I stroke his hair. It’s getting kind of long. He’ll need a haircut soon. “And you’re right—you will figure it out.”
There’s a pause before he answers. “I don’t know.”
Leaning down to kiss him, I murmur against his mouth, “I do. You’re the smartest person I know.”
He gives a dry huff of a laugh. “Uh, you’re friends with literal geniuses, baby.”
“So? I still meant what I said. I don’t know anyone whose mind works the way yours does. You’re going to solve this. Maybe you can talk to Dr. Mead and ask for some more advice.”
He’s been idly playing with the loose fabric at the back of my nightgown, weaving it between his fingers. At that, however, his hand grows still. “I hate doing that.”
“Doing what?”
“Asking for more help.”
“I know. I’m not a big fan myself. But if you can’t work out what to do, he’ll probably be the one to help you. Is he really that unapproachable?”
“No. He’s okay. He doesn’t lord it over us like some faculty do. But I don’t like being someone who...”
I frown. “Who what? Who doesn’t get it right the first time?”
He laughs again. That breathy one. Slightly bitter. Like he used to laugh all the time when I first got to know him. “Yeah. That.”
I nuzzle his neck. Kiss his cheek. “That’s the problem with being good at almost everything. You don’t know how to not be perfect.”
He’s smiling now. He pulls me into a soft hug. “I don’t think I’m perfect.”
“Maybe not. But you try to be as close as possible. Don’t you?”
“Maybe.”
I giggle and kiss his chest again before I rest my cheek against it. “Well, sweetie, your choices are to spend who knows how long wrestling with the uncooperative chapter or get over yourself and ask for some help. You’re meeting with him tomorrow?”
“Yes.”
“Then you know what to do.”
He makes a grumbling sound, but it’s not genuinely bad-tempered. It feels like his body has softened a little. Like he might be close to smiling. “Fine,” he says at last. “I’ll ask for help.”
“Good. Sometimes it seems like all it takes is one small insight to make sense of a whole problem. At least that’s the way it works for me.”
“For me too.”
“So maybe he can help you find that insight. Just ask. It’s his job to help you.”
“I’ll ask him.” His breathing is slowing down. I can sense him relaxing. “Thank you, baby.”
“You’re welcome.”
We lie in contented silence for a while. Then a question occurs to me. One I can’t let go. “Dr. Mead told you to redo the chapter in that meeting you had with him two weeks ago?”
“Yeah. Why?”
“You told me that meeting went fine.” My throat feels a little too tight.
“Oh. Yeah. I didn’t want to bug you with the whole mess. The meeting did go fine. I just needed to rewrite the thing.”
“Okay.”
“It’s really not that big a deal. Thanks for talking me through it.” He leans down to give me a light kiss. “Good night, baby.”
He’s using a tone of voice I recognize but haven’t heard from him in a while. The one that’s trying to smooth over waves but hiding the real thing inside.
And I hate it. Hate it. Just like I hate the fact that he didn’t tell me the truth after his meeting two weeks ago. That he kept from me this problem that was really bothering him.
He didn’t let me share in this part of his life.
I try to push away the hurt and disappointment. It’s not really fair. We’ve been living in this kind of relationship limbo here. It feels like there might be more than a professional arrangement, but neither of us has made a commitment to it. I can’t expect him to act like we’re a real couple.
But it feels like we’re a real couple, and so it hurts me anyway.
THE NEXT DAY, STEVE comes into town unexpectedly.

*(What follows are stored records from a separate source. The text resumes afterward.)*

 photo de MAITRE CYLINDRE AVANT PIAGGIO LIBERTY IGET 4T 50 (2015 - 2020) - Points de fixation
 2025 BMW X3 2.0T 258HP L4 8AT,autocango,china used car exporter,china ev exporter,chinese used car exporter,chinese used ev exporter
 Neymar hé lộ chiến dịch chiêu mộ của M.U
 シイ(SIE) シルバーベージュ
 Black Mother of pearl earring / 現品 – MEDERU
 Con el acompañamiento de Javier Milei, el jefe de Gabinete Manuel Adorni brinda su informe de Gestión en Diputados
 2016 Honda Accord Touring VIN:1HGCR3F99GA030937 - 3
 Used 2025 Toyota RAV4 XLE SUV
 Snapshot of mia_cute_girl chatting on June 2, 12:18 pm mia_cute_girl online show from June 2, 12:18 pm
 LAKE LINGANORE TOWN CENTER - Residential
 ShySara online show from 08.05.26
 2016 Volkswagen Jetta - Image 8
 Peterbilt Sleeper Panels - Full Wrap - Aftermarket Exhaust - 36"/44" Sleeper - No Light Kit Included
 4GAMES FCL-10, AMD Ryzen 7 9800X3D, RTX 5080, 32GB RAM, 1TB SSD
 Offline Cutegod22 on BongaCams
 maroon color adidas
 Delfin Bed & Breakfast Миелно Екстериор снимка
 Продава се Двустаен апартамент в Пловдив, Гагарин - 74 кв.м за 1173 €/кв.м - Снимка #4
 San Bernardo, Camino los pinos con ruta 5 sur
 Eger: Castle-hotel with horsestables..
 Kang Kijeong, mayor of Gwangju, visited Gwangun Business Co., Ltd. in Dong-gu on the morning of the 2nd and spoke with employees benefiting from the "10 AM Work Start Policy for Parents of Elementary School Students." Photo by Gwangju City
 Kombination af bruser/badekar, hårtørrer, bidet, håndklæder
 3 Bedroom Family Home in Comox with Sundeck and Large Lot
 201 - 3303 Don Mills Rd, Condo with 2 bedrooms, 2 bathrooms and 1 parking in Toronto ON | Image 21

He’s got a house here in Atlanta, but lately he’s been splitting his time between here and California. I talked to him this morning, and he said nothing about flying to Atlanta today. But then here he is, waiting in the lobby of my building while the doorman calls up to let me know I have a guest.
I’m thrilled to see him. We settle on the couch with tortilla chips and guacamole and talk for hours even though we chat every single day.
It’s only after we cover everything else that he finally asks about Damian.
I give a little shrug and glance away.